Last year, every Saturday I featured a post called "Wisdom for 2024" This year, every Saturday, I will post a series of unusual personal experiences from the past under the title "You Just Can't Make This Stuff Up." Sometimes, names or locations will be changed or disguised to protect the guilty! Besides, I am retired! What can they do, fire me?

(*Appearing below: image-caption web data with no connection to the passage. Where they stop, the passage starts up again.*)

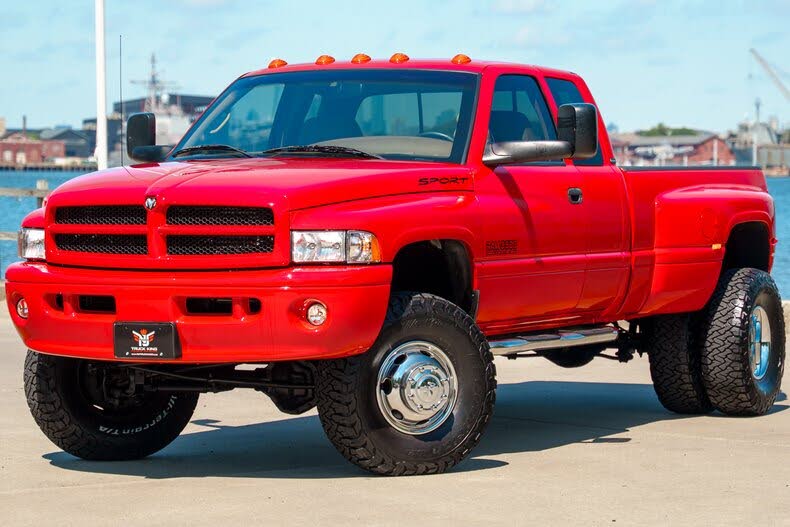 2001 Dodge Ram Pickup 3500 ST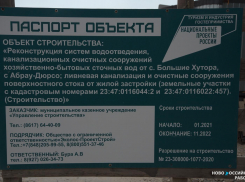 Не хватает рук: почему откладывается запуск очистных сооружений в Абрау-Дюрсо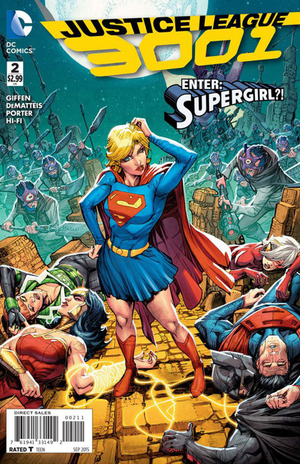 Justice League 3001 #2 (2015 Series)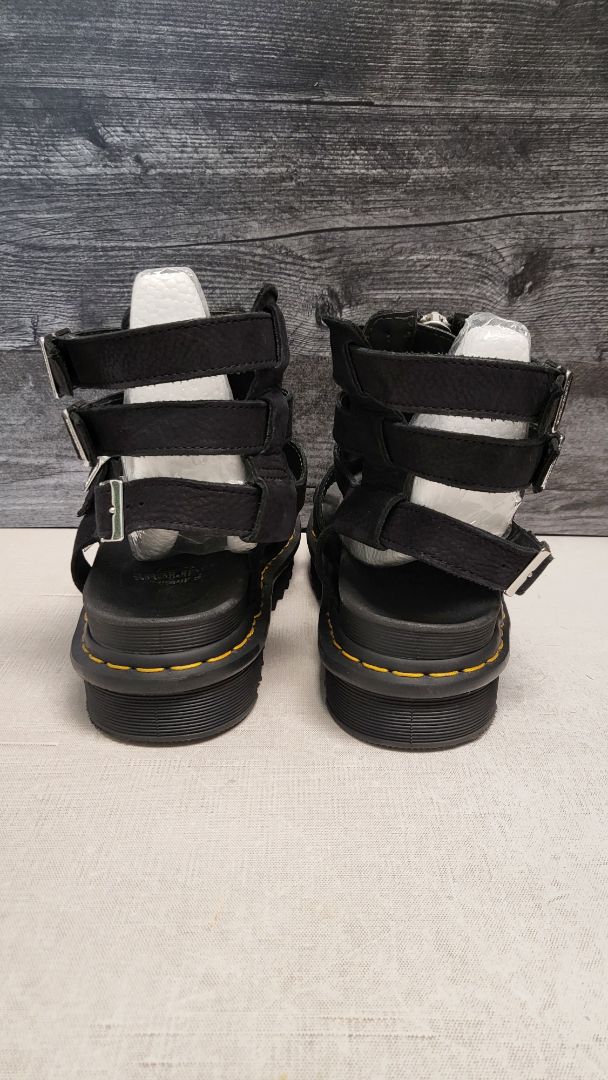 Dr Martens Black Olson Sandals (42)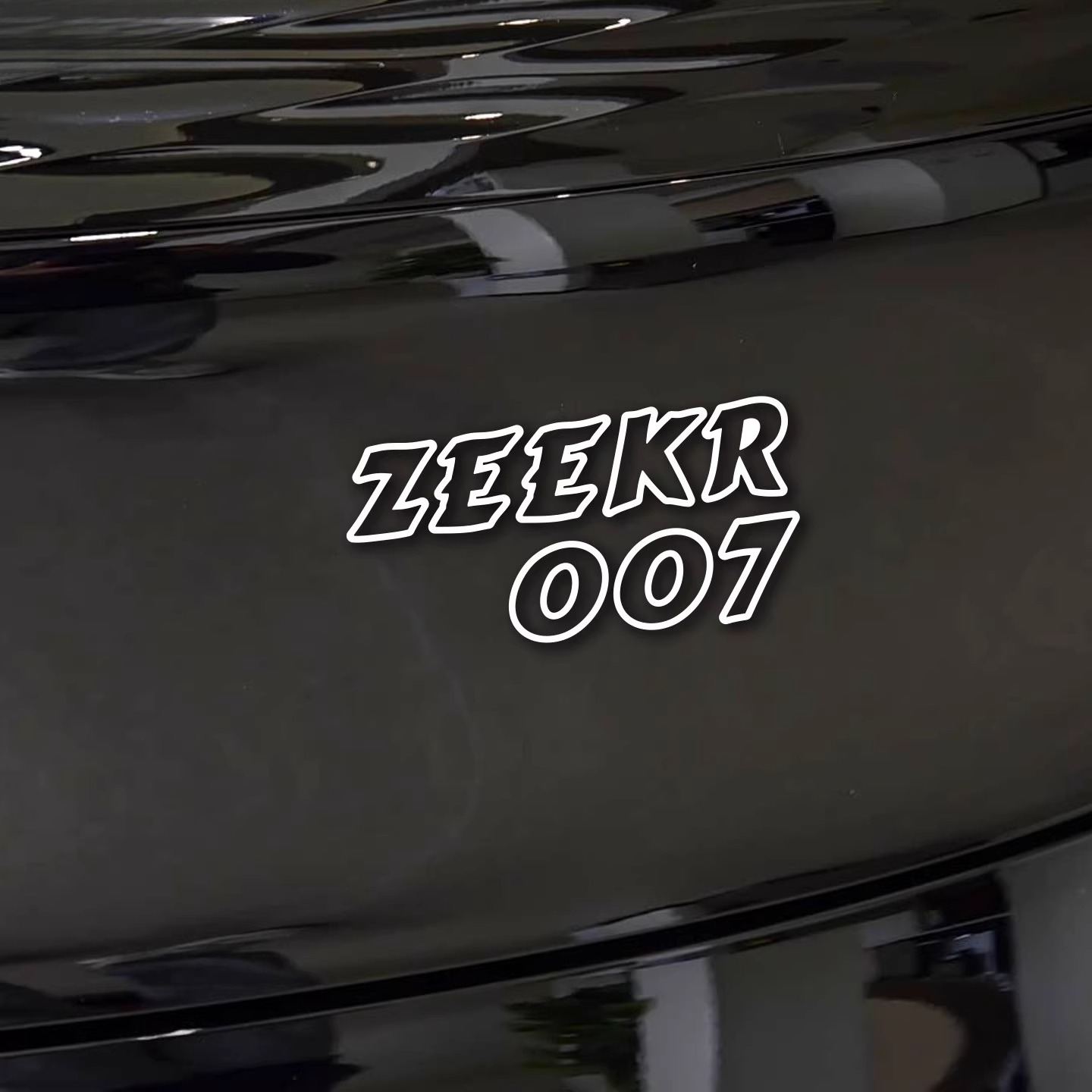 สำหรับ Zeekr 7X 001 007 009 สต - Car Accessories Logo บทวิจารณ์และราคา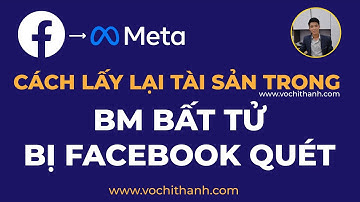 Cách lấy lại tài khoản quảng cáo trong BM bất tử facebook bị fix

"LAZARUS" AND MY SECOND-CHANCE AT LIFE
Sometime around 1990, while I was pastor of the Cathedral of the Assumption, I was driving down Liberty Street to my house on Eastern Parkway. At a busy intersection, near St. Boniface Church, I noticed ahead of time that the light had just turned green as I approached the intersection. Out of the corner of my eye, I could see a car speeding up as he attempted to "make it through the light." I realized, right away, that he was going to hit my driver's door head-on any second. I tried to brace myself for the impact! He hit my car door right beside the steering wheel! What felt like slow-motion, he turned my car completely upside down and spun it around a few times in the very center of the intersection.

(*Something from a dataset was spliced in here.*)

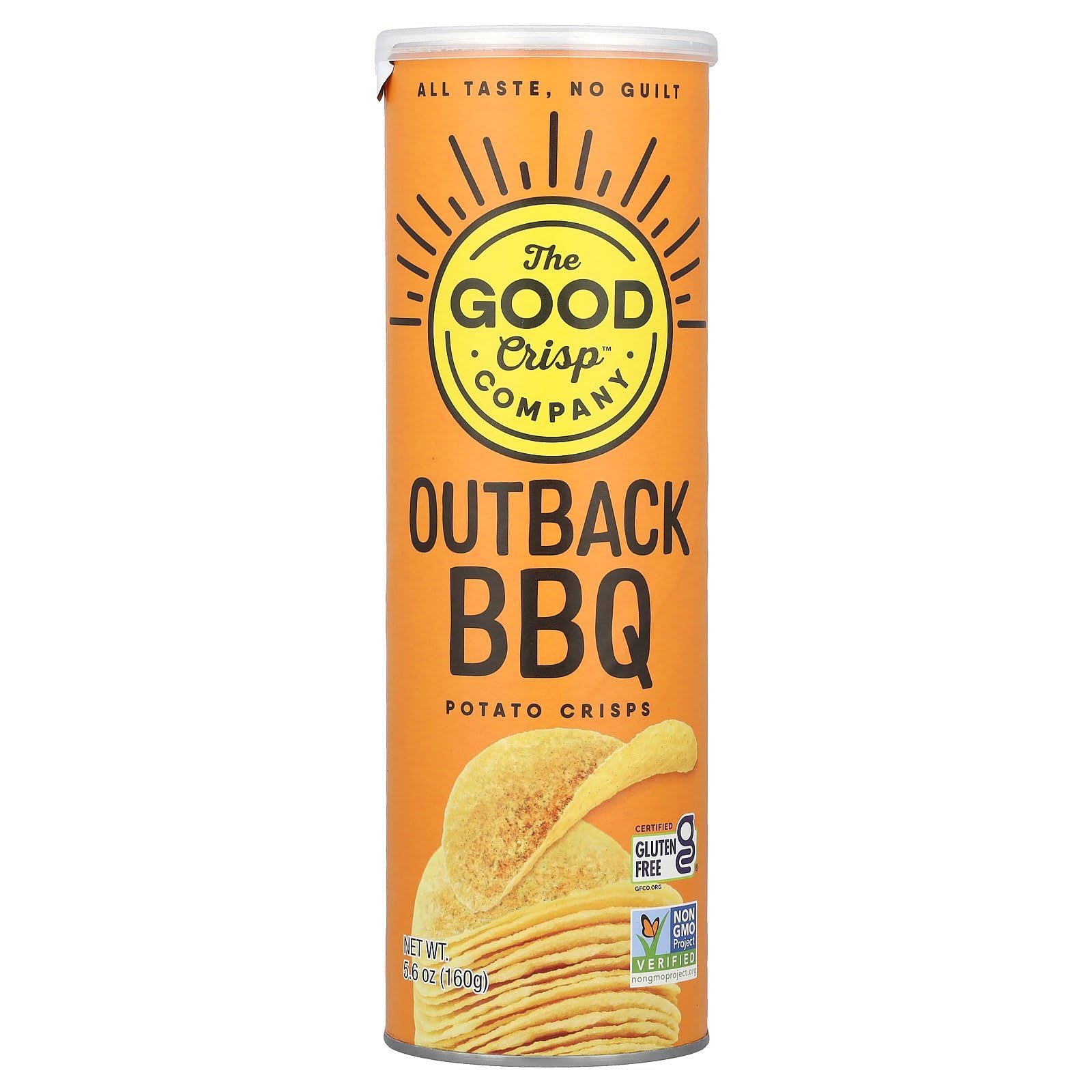 THE GOOD CRISP COMPANY Outback BBQ Potato Crisps, 5.6 OZ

When the spinning stopped, I realized that I was hanging upside down in my seatbelt. Broken glass was everywhere. I seemed to be OK, but I was afraid to try to unbuckle my seatbelt for fear of falling into the broken glass that surrounded me. Hearing police and fire-truck sirens, I decided to hang upside down and wait for the help to arrive. When they got to the wreck site, they could not open the passenger side door beside me because it had been crushed in the over-turn. They broke the back glass out and one of the firemen climbed in, and seeing that I was not injured, cut my seatbelt and helped me exit through the back window.
Standing on one of the street corners, I noticed that the book I was reading had come out of the car and its pages were blowing in the wind, right in front of me, in the middle of the intersection. It was like the book was waving at me for my attention! The book was entitled "Lazarus" by Morris West. I could not believe my eyes. Lazarus was the man that Jesus raised from the dead in the Scriptures! I asked one of the firemen to retrieve it for me as a souvenir!
My car was completely "totaled," so after the police had completed their paperwork, I took a taxi to my house where Elaine Winebrenner and Julie Zoeller (Cathedral staff members) had been waiting for me to go to lunch. Puzzled when I got out of the taxi, they asked why I hadn't come in my car. Nonchalantly, I said "I'm sorry that I'm late, but I was just almost killed! My car is totaled. I had to take a taxi! Where do you want to go for lunch and which one of you can drive?" Again, I found that denial is a powerful pain reliever!